Congresso deve deixar medida provisória sobre incentivos ao setor caducar; Casa também prevê votar o PL Antifacção nesta terça

Agência O Globo - 24/02/2026
Câmara inclui acordo do Mercosul e marco legal para data centers na pauta de votações
Câmara inclui acordo do Mercosul e marco legal para data centers na pauta de votações - Foto: Kayo Magalhães/Câmara dos Deputados

A Câmara dos Deputados incluiu na pauta de votações desta terça-feira o acordo provisório de comércio entre o Mercosul e a União Europeia e o projeto que institui o marco legal de incentivos para a instalação de data centers no Brasil, duas propostas consideradas prioritárias pelo governo federal e pela cúpula da Casa.
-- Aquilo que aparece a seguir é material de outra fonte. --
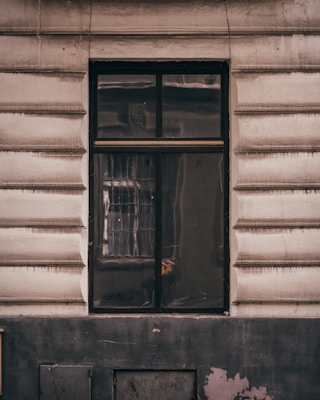 A window is set in a textured building facade with prominent horizontal grooves. The glass of the window shows reflections and appears slightly dirty or weathered. The frame of the window is dark, contrasting with the lighter color of the wall. Subtle reflections and possibly a hint of something inside can be seen on the window's surface.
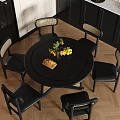 Modern Black Round Dining Table And Chairs With Beige Seat Cushions Sunflowers Bread Green Apples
Também está prevista a votação do chamado PL Antifacção, uma das principais apostas do Palácio do Planalto para a área de segurança pública.

No caso dos data centers, os deputados devem analisar o projeto de lei do líder do governo na Câmara, José Guimarães (PT-CE), que cria o Regime Especial de Tributação para Serviços de Datacenter (Redata). O texto tramita em regime de urgência e pode ser votado diretamente no plenário.

A proposta substitui uma medida provisória editada anteriormente pelo governo para tratar do tema. Diante da resistência de parlamentares e da falta de consenso sobre o conteúdo da MP, a base governista optou por encaminhar o assunto via projeto de lei, permitindo que a medida provisória perca a validade, segundo interlocutores envolvidos nas negociações.

Na prática, a estratégia busca evitar novos desgastes entre Executivo e Câmara, já que a tramitação de MPs impõe prazos mais rígidos e costuma acirrar disputas sobre alterações no texto. Com o envio do projeto, o governo passou a concentrar a articulação política diretamente no plenário.

O Redata antecipa benefícios tributários que só entrariam plenamente em vigor a partir de 2027, com a reforma tributária. Pelo projeto, empresas do setor poderão ser beneficiadas com desoneração de IPI, PIS/Pasep e Cofins na compra de equipamentos de tecnologia da informação e comunicação, além da redução do imposto de importação quando não houver produção nacional.

A equipe econômica argumenta que a medida visa evitar o represamento de investimentos até a implementação definitiva do novo sistema tributário. Segundo o Ministério da Fazenda, os incentivos podem atrair até R$ 2 trilhões em investimentos no país na próxima década.

Também está na pauta o Projeto de Decreto Legislativo que aprova o acordo provisório de comércio firmado entre Mercosul e União Europeia, assinado em janeiro deste ano, em Assunção. O texto recebeu parecer favorável da representação brasileira no Parlamento do Mercosul (Parlasul) e, se aprovado pelos deputados, seguirá para análise do Senado.

O PL Antifacção também volta ao centro da agenda do plenário. Apesar da pressão de deputados governistas para modificar pontos do texto aprovado pelo Senado, o Palácio do Planalto já deu aval à versão relatada por Guilherme Derrite (PP-AL), que deve reincluir dispositivos retirados durante a tramitação na Casa revisora.

A análise das propostas ocorre em meio ao esforço do presidente da Câmara, Hugo Motta (Republicanos-PB), para destravar votações diante da proximidade das eleições.